Limiting copies of cross posts sent
Here's one idea for limiting the number of messages sent when a message is cross-posted to multiple lists. I haven't actually tried implementing this idea yet so it may be impractical. The nice thing that I like about this method is that it doesn't require that a database of message-ids be kept.
Ok, here's the idea:
SMTP allows for multiple recipients to be specified for any message sent. A typical conversation would look something like this (apologies if my mailer wraps the lines):
220 python.org ESMTP Sendmail 8.9.1a/8.9.1 (klm); Fri, 29 Jan 1999 14:15:14 -0500 (EST) HELO max.ollie.clive.ia.us 250 python.org Hello IDENT:jcollie@max.ollie.clive.ia.us [161.210.214.102], pleased to meet you MAIL From: <jeff@ollie.clive.ia.us> 250 <jeff@ollie.clive.ia.us>... Sender ok RCPT To: <mailman-developers@python.org> 250 <mailman-developers@python.org>... Recipient ok RCPT To: <mailman-users@python.org> 250 <mailman-users@python.org>... Recipient ok DATA 354 Enter mail, end with "." on a line by itself <real message here> . 250 OAA18072 Message accepted for delivery
Now, if you can get the SMTP daemon to invoke MailMan once and pass all of the recipients, MailMan could use that information to send one copy of the message to the union of the set of subscribers for each list.

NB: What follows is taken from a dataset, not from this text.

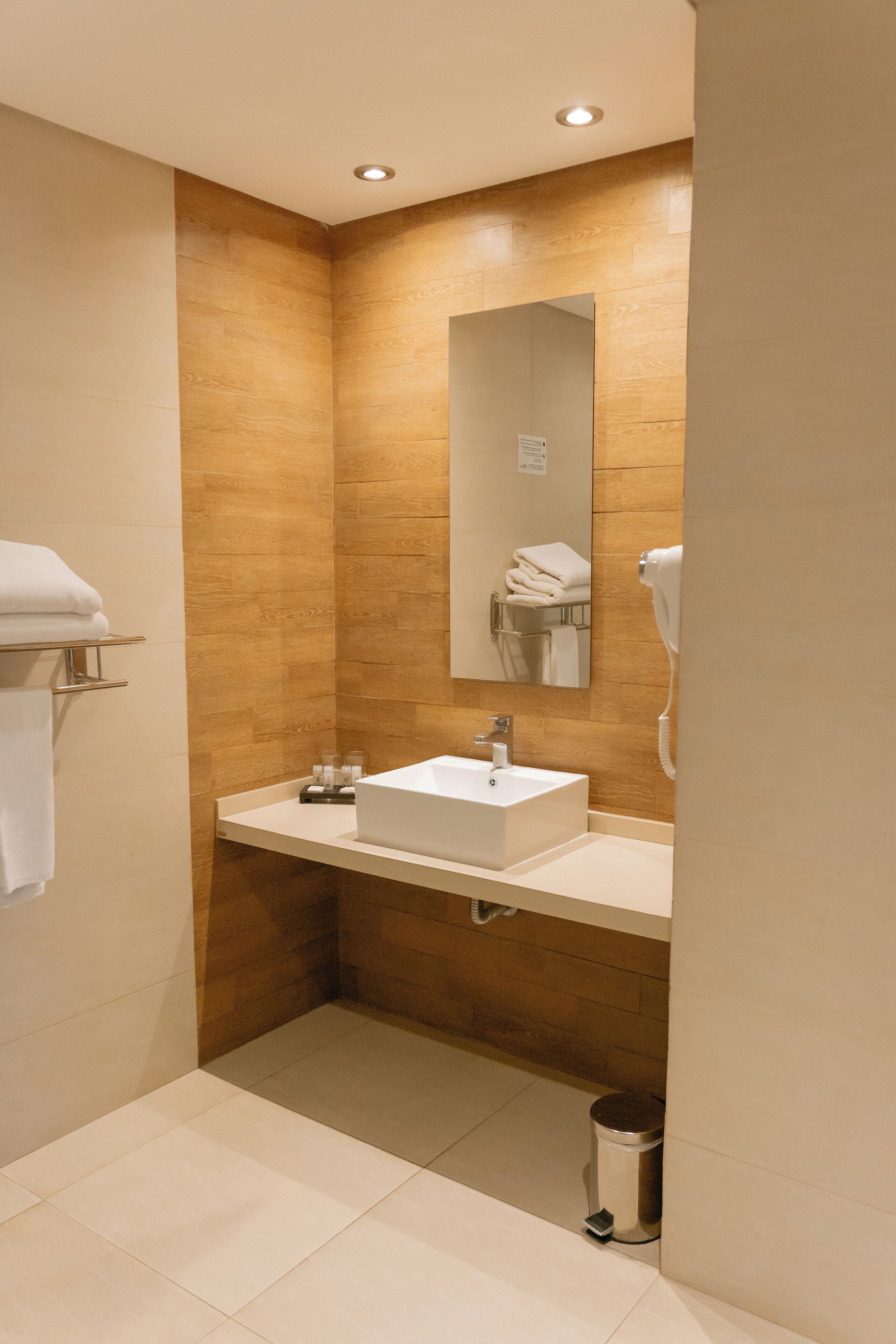 shower, rainfall showerhead, free toiletries, hair dryer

Of course MailMan would need to be changed significantly to handle this, but you wouldn't need a database.
Jeff
On Fri, Jan 29, 1999 at 01:26:46PM -0600, Jeffrey C. Ollie wrote:
Now, if you can get the SMTP daemon to invoke MailMan once and pass all of the recipients, MailMan could use that information to send one copy of the message to the union of the set of subscribers for each list.
Having just spent gods know how much time hacking up sendmail, this is a problem... here's why..

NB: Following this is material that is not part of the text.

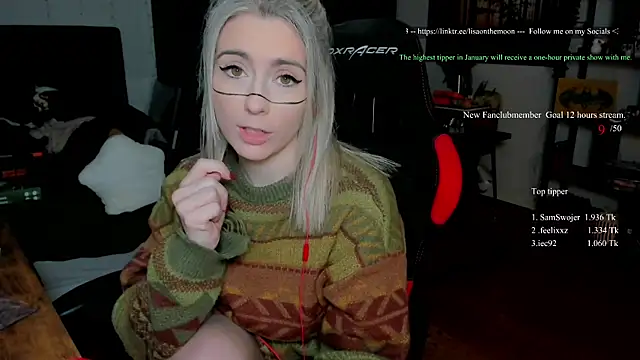 Snapshot of Lisaonthemoon chatting on January 11, 2026, 9:44 pm Lisaonthemoon online show from January 11, 2026, 9:44 pm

- Sendmail only does this under SMTP, not under anything else
So, that means that Mailman would have to accept its messages over SMTP, which sin't in itself a problem... the problem is that as far as I've been able to determine, sendmail can't be told to deliver SMTP mail to a different port than 25. Also, you'd end up with mailer re-write rules out the ying-yang :-) Trust me, you never ever ever ever want to do anything that requires someone to add anything bizarre to their sendmail installation.
Of course MailMan would need to be changed significantly to handle this, but you wouldn't need a database.
That's not nearly as ugly as the problems with doing it ... also it'd be different for every mailer, and quite different in many cases I think.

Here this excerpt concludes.